Noting my single mother lifestyle, you may have already guessed this about me.
But I never really thought about it using these terms until today, when I read this singlemommyhood.com post about the right time to move in together. For many of my fellow readers, the right time is: After The Wedding. For some, clearly, a ring equals commitment. No ring? No commitment.
Ultimately, that's what the whole conversation boiled down to: commitment. And that is what it should boil down to, in my opinion, especially with children involved. But I simply can't agree with the assertion that marriage is the only way to get that commitment.
And so we're back to my point: I don't believe in the sanctity of marriage.
There are two reasons for this, the first being fairly obvious: I am not a religious person, and it is therefore impossible for me to view marriage as a holy union. The second reason goes along with the first. Without the God factor, marriage is a union of a man and a woman (at least until we get off our asses and legalize same-sex marriage), plus a piece of paper filed with the state.
That piece of paper, some would argue, makes the relationship more secure; more final. But does it, really? The divorce rate in this country would beg to differ.
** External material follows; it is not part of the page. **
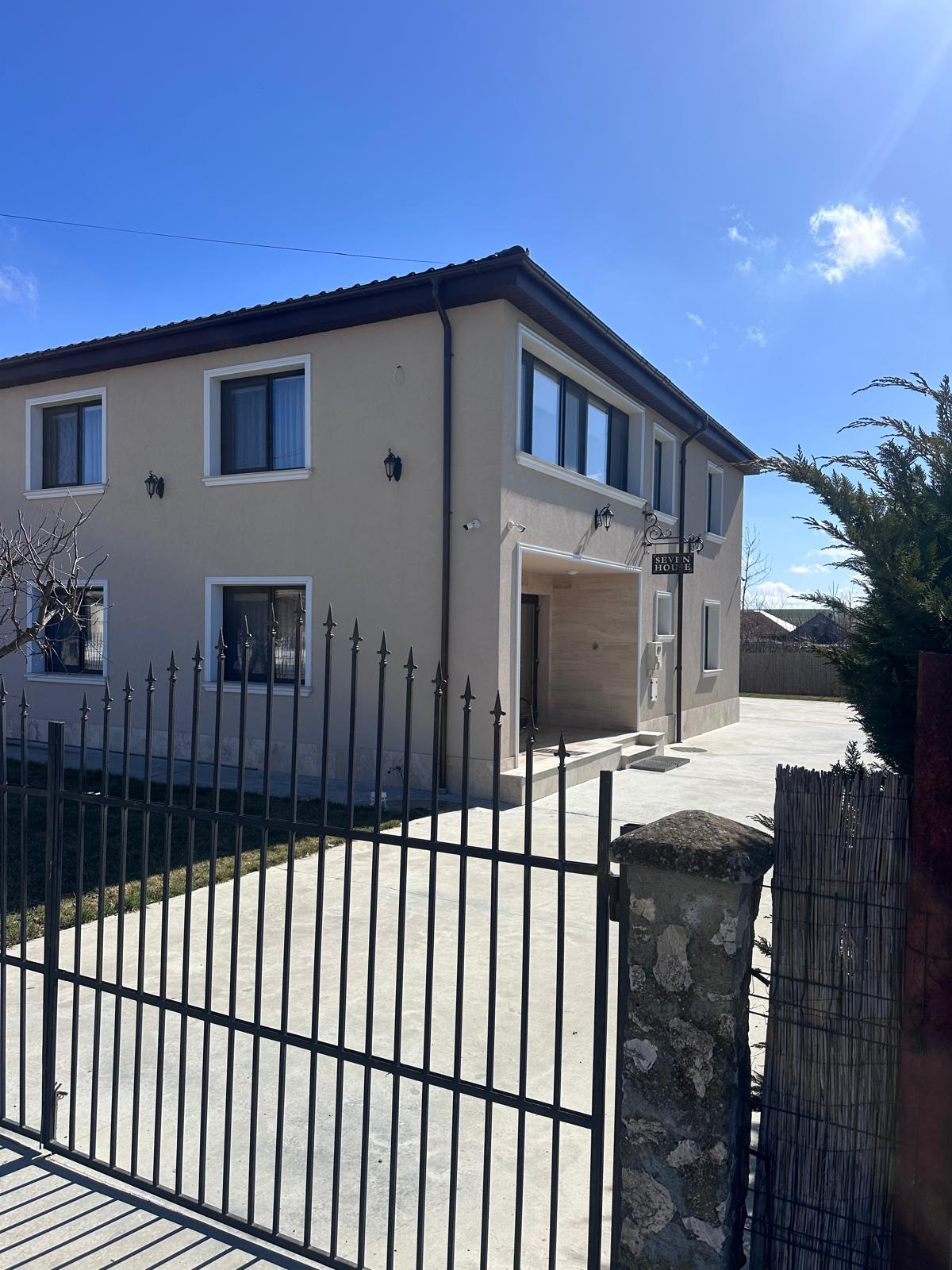 Seven House Cogealac, Constanta — foto 31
But it makes you feel different, doesn't it? Marriage. I'll admit, I felt different after marrying my (now ex) husband - and we lived together for five years before getting married. But I didn't feel different upon filing the marriage certificate. I felt that way because I'd gone through the ceremony of publicly proclaiming my union. I could have had the marriage ceremony without filing that piece of paper. Would I have been any less married? Other than in a legal sense? Is the legality of the union what defines my relationship?
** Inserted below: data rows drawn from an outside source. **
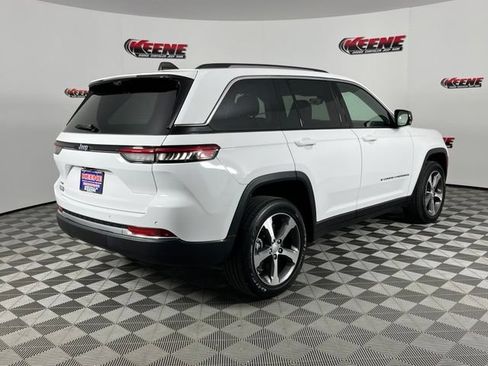 Used 2024 Jeep Grand Cherokee Limited 4xe w/ Luxury Tech Group II AWD/4WD image 3
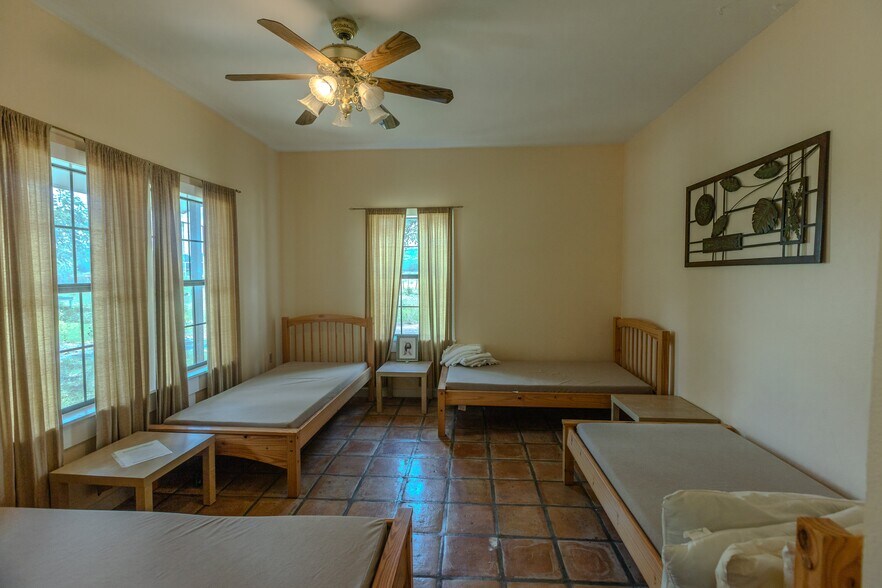 More Photos Of 7802 Ranch Road 1051, Uvalde Land For Sale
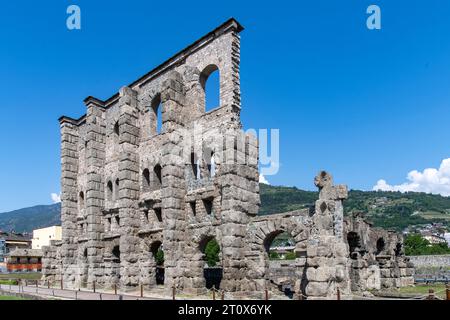 Façade sud de l'ancien théâtre romain d'Aoste, Italie construite sous le règne d'Auguste, avec des montagnes contre un ciel bleu en arrière-plan Banque D'Images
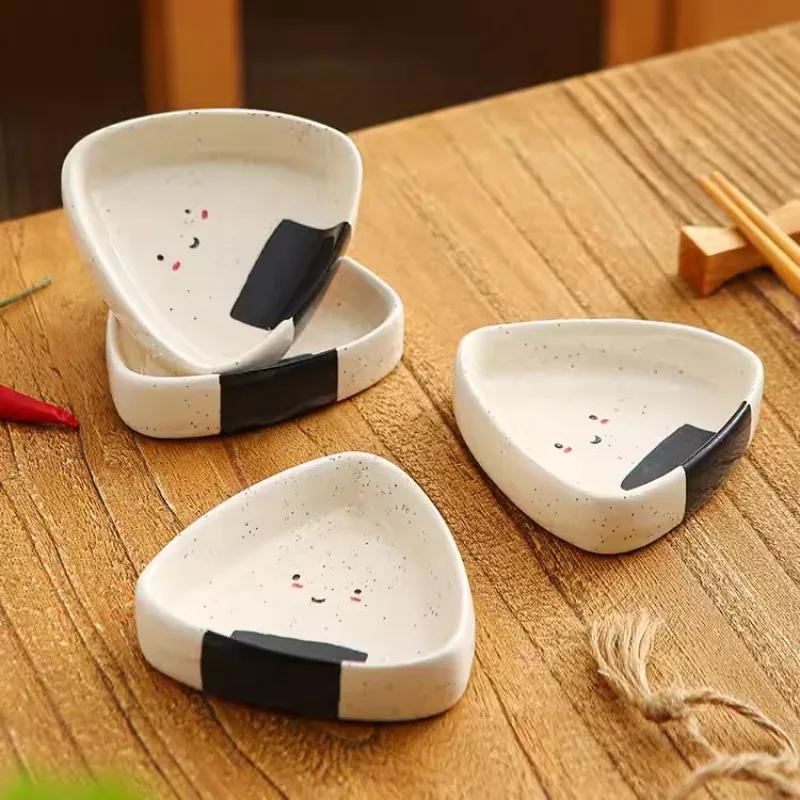 Triangular Rice Ball Flavor Disc Simplicity Household Creative Hot Pot Dipping Dish Vinegar Disc Lovely Sesame Dots Ceramic Dish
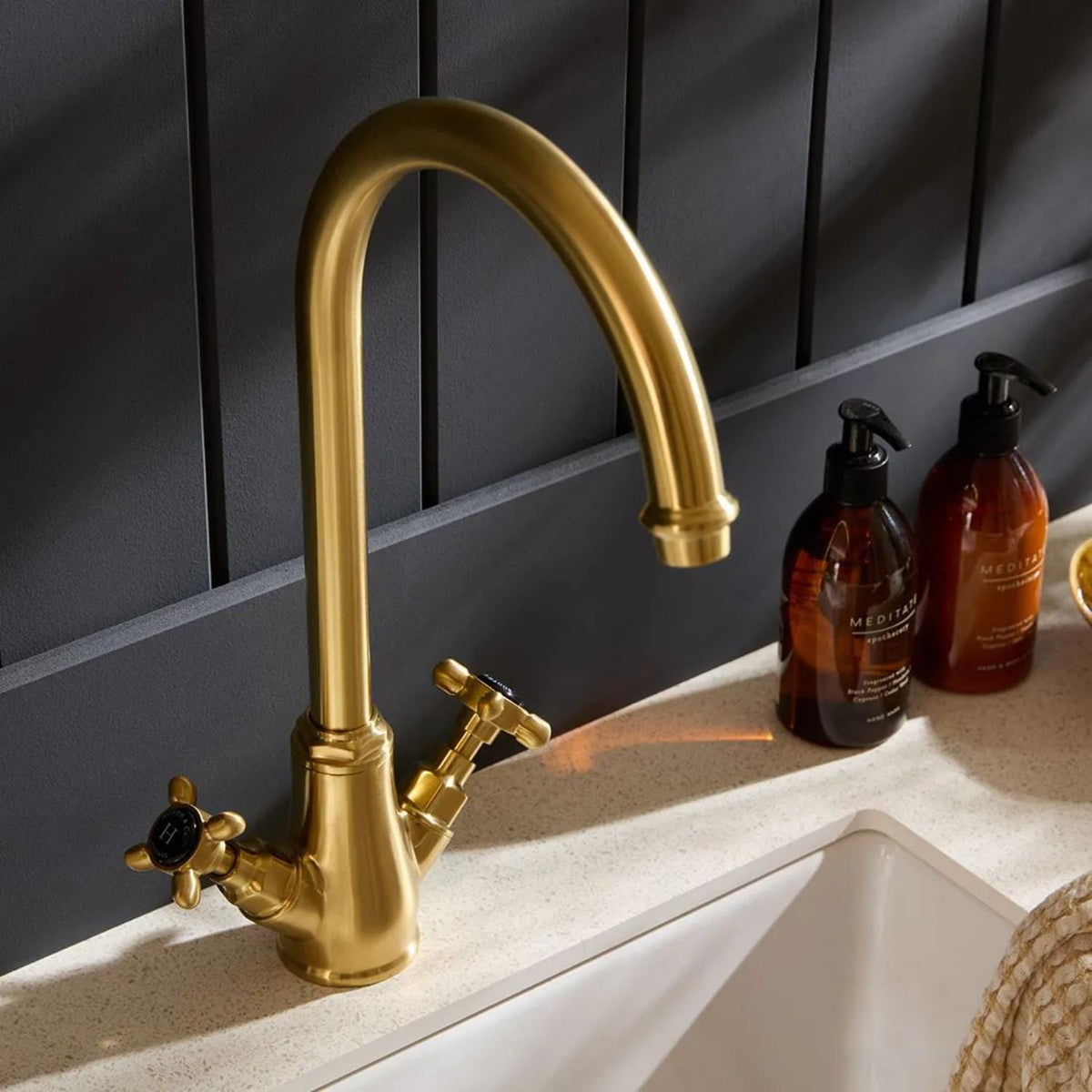 Vado Kitchen Tap Booth & Co. Axbridge Mono Kitchen Mixer Tap with Cross Handles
Now, lest you think I'm just a bitter divorcee, I am not saying I don't believe in marriage. I might even get married again someday. I just don't believe in its sanctity. Is a married couple's relationship stronger than a committed-but-not-married couple's relationship? More traditional, certainly; but more committed, more sacred? I'm not prepared to go that far.
So I'll say it one last time: I don't believe in the sanctity of marriage. I do, however, believe in the sanctity of relationships; of committed, monogamous love. Marriage certificate optional.